The Fed should also reinforce its commitment to reducing unemployment with other policy actions, including a reduction in the interest the central bank pays on excess reserves, he said.
The central bank may want to press on with bond buying even after the economy reaches what it considers full employment, “as long as it remains an effective tool,” he said. “There is a limit out there where the asset purchase program is no longer effective. We’re not there yet.”
U.S. stocks rose today as optimism grew that lawmakers would reach a deal to end America’s budget standoff. The Standard & Poor’s 500 Index increased 0.7 percent to 1,690.34 at 3:21 p.m. in New York.
Atlanta Fed President Dennis Lockhart said yesterday the central bank’s decision last month not to pare the pace of its bond buying was “wise” given the partial government shutdown that ensued. Richmond Fed President Jeffrey Lacker, who has opposed additional stimulus, said the government suspension won’t have an impact on economic growth for long, and doesn’t alter his view on the need for bond buying.

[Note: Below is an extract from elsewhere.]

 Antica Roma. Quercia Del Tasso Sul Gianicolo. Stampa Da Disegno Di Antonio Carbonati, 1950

“The direct effect of the government shutdown is likely to be transitory,” Lacker, who doesn’t vote on policy this year, said to reporters today after a speech in Baltimore. “Whatever it takes out of fourth-quarter growth, there will probably be a matching” increase in first-quarter expansion.
The government closing will probably have only a limited impact on the economy if it remains brief, Kocherlakota said.

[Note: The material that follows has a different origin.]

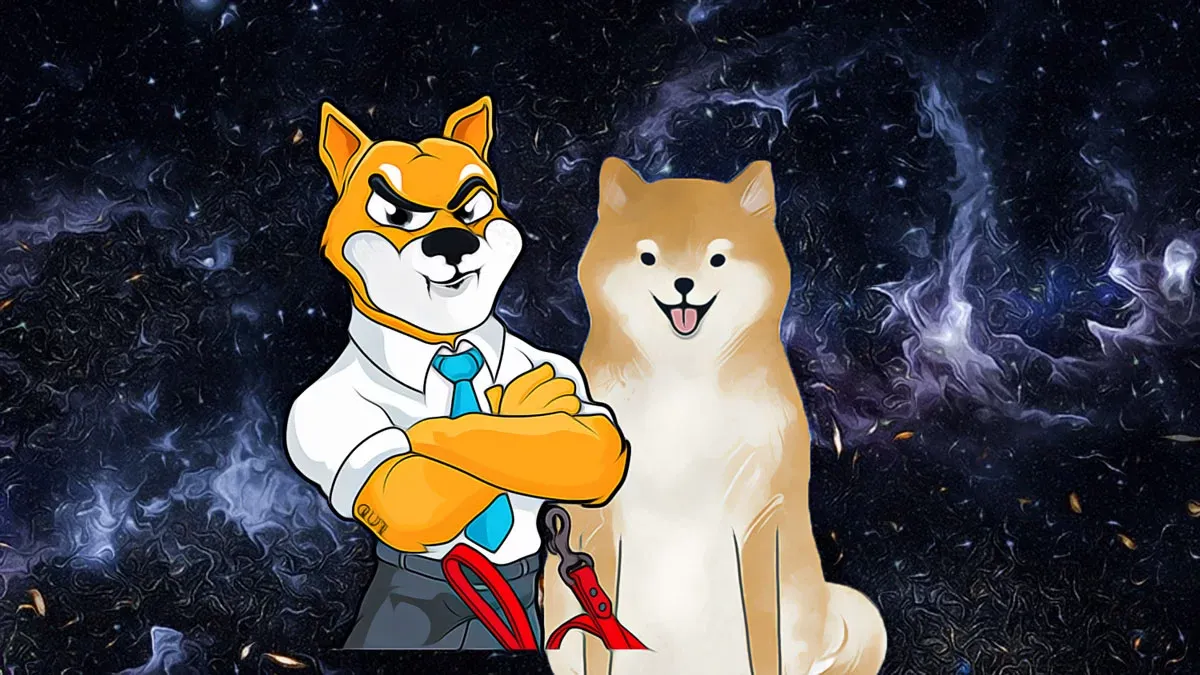 Shiba Inu Cüzdan Sayısında Büyük Artış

A longer suspension of government operations -- possibly three to four weeks -- along with any growing concerns the U.S. may not raise its debt ceiling to avoid default, may prove “problematic” for businesses and households, he said.
A week-long partial shutdown would probably shave 0.1 percentage point from economic growth, according to 40 economists in a Bloomberg survey this week. The world’s largest economy expanded at a 2.5 percent rate in the second quarter.

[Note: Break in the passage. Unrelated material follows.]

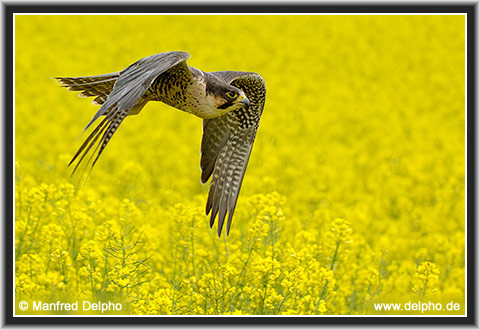 zurck zur Kategorie-bersicht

Kocherlakota, in a speech today in Bloomington, Minnesota, repeated his call for a stronger FOMC commitment to growth. The remarks were similar those he made in Houghton, Michigan, on Sept. 26.
U.S. growth next year may “accelerate somewhat” to a 2.5 percent to 3 percent rate, and that’s still not “good enough” to reduce unemployment quickly enough, Kocherlakota said in the interview.
“It’s going to take longer” than the middle of 2015 “to get unemployment down to the kind of levels where we should be thinking about raising rates” if the economy unfolds as he’s currently expecting, the district bank chief said.
At the end of 2016, the federal funds rate should still be lower than 2 percent, the median forecast given by policy makers in September, Kocherlakota said.